Entretien avec Pierre Delettre, organisateur des Boucles de Spa

SPA Pierre Delettre, six Clémentine au menu de cette 44e édition, une première?
"Non, à l'époque du père, on en a déjà fait huit. Aujourd'hui, cette superbe spéciale sur terre est devenue notre fonds de commerce. C'est grâce à elle que de nombreux équipages participent aux Boucles. Cette année, elle représente près d'un quart du parcours. Avec les 22 bornes de Stoumont, ce sera le juge de paix."

On parle d'une journée 100% terre pour 2002?
"C'est un rêve auquel on travaille effectivement. Des négociations sont en cours avec les communes de Ferrières et de Stoumont."

La première soirée du vendredi est supprimée. Pourquoi?
"Il existe trois raisons. La première est d'ordre pratique: on éprouvait de plus en plus de difficultés à trouver du personnel, des commissaires pour le vendredi soir. La deuxième est commerciale. Ainsi, toutes les équipes restent une nuit de plus à Spa. Enfin, les spectateurs, en majorité néerlandophones, qui n'arrivaient traditionnellement que le samedi matin pourront encore voir tout le monde."

Présentez-nous l'affiche 2001?
"Un beau duel entre Renaud Verreydt, tenant du titre, qui a l'avantage de bien connaître Spa et sa Seat Cordoba, et Kris Princen, qui découvrira la Peugeot 206 WRC championne du monde et n'a pas participé à la dernière édition. Pour des raisons fort diverses, les deux auront beaucoup de pression. Tsjoen (Toyota) constituera une inconnue et un arbitre possible au même titre que David Loix (Subaru), ce qui fait tout de même quatre belles WRC. En Groupe N, il y a au moins huit Mitsubishi candidates à un podium. Seul le plateau en Super 1600cc est décevant. En quantité aussi, je peux m'estimer heureux: 88 engagés sans formules de promotion, c'est pareil au Condroz."

Cette année, plus de chapiteau ni d'endroit où le public peut se rassembler. Pour quelle raison?
"Pour une question à la fois de coûts et de place. Pour faire marcher au maximum le commerce local."

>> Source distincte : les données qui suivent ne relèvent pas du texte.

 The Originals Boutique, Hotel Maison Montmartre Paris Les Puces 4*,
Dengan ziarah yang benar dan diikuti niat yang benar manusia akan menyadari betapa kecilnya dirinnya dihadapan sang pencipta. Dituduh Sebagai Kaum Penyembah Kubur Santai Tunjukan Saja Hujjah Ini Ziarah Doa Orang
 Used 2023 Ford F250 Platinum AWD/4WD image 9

Pourquoi n'y a-t-il généralement pas la même ambiance au centre de Spa qu'à Huy?
"Parce que la mentalité de la population locale n'est pas la même. Vous savez, à Spa, j'ai déjà eu affaire à pas mal de problèmes de hooliganisme. Je dois d'ailleurs faire interdire les bouteilles de bière dans les buvettes pour éviter que les spectateurs puissent les jeter sur les voitures."

La première du rallye motos ne rencontre pas le succès escompté.
"Parlez-en à Georges Jobé. C'est lui qui est chargé de réunir le plateau. Je lui ai dit que cela tombait en même temps que le Touquet mais cela ne l'inquiétait pas. Enfin, on devrait tout de même arriver à une quarantaine de concurrents."

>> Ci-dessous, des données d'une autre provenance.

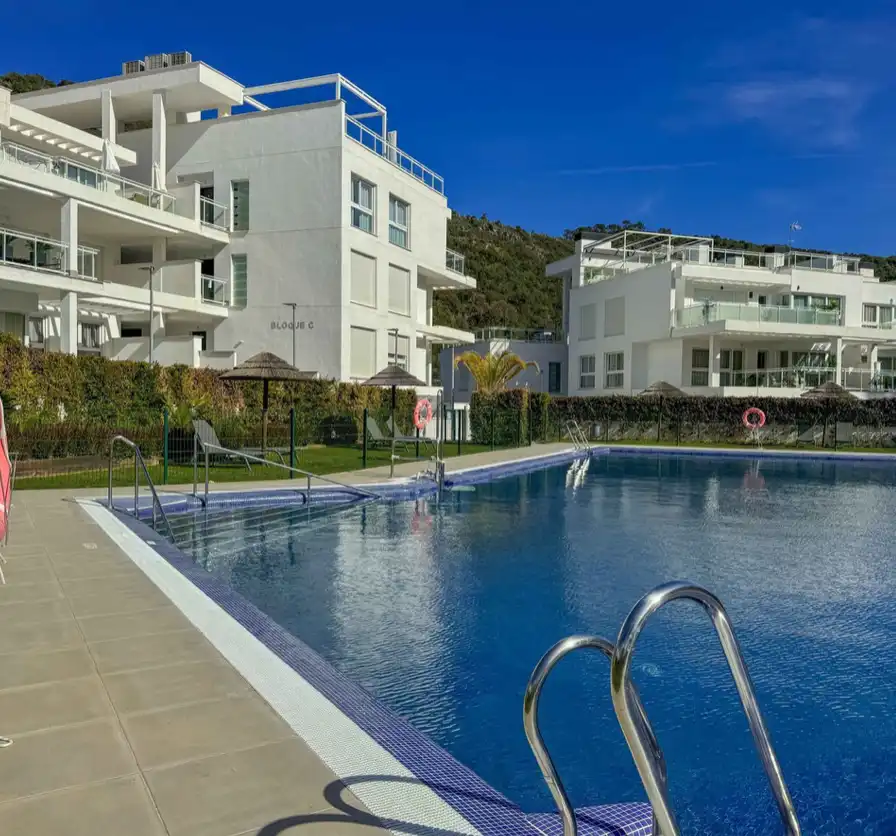 Flat with pool for sale in Benahavís pueblo, imagen 3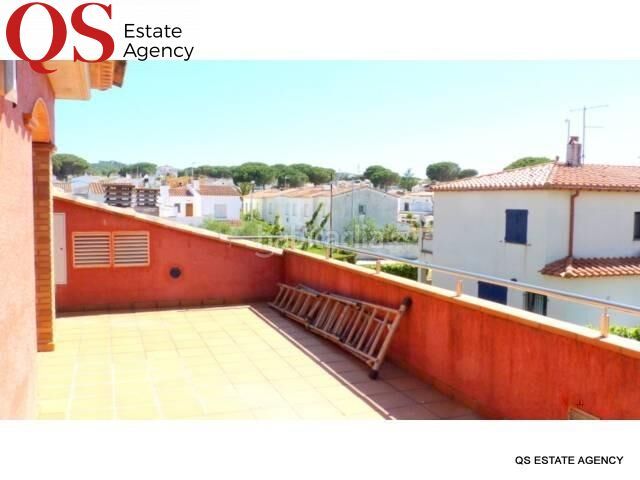 Foto 57239ddf-364e-416c-8ca7-43ea4759f3c8. Casa amb calefacció aparcament piscina a Riells Escala (L´)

Ne craignez-vous pas qu'un éventuel accident grave sur deux-roues puisse nuire à l'image et à la survie du rallye en général? Les politiciens risquent de faire l'amalgame.
"Vous savez, pour ceux qui veulent du tort au rallye, les pilotes c'est de la viande. Ce sont les spectateurs le problème. Je suis peut-être dur mais c'est comme cela. Chaque année en général il y a un mort aux 24 Heures de Liège motos. Et cela n'a jamais remis l'épreuve en question. Francorchamps a d'ailleurs déjà tué beaucoup plus que l'ensemble du rallye belge. L'avantage avec une moto en perdition c'est que cela va moins loin et cela prend moins de place."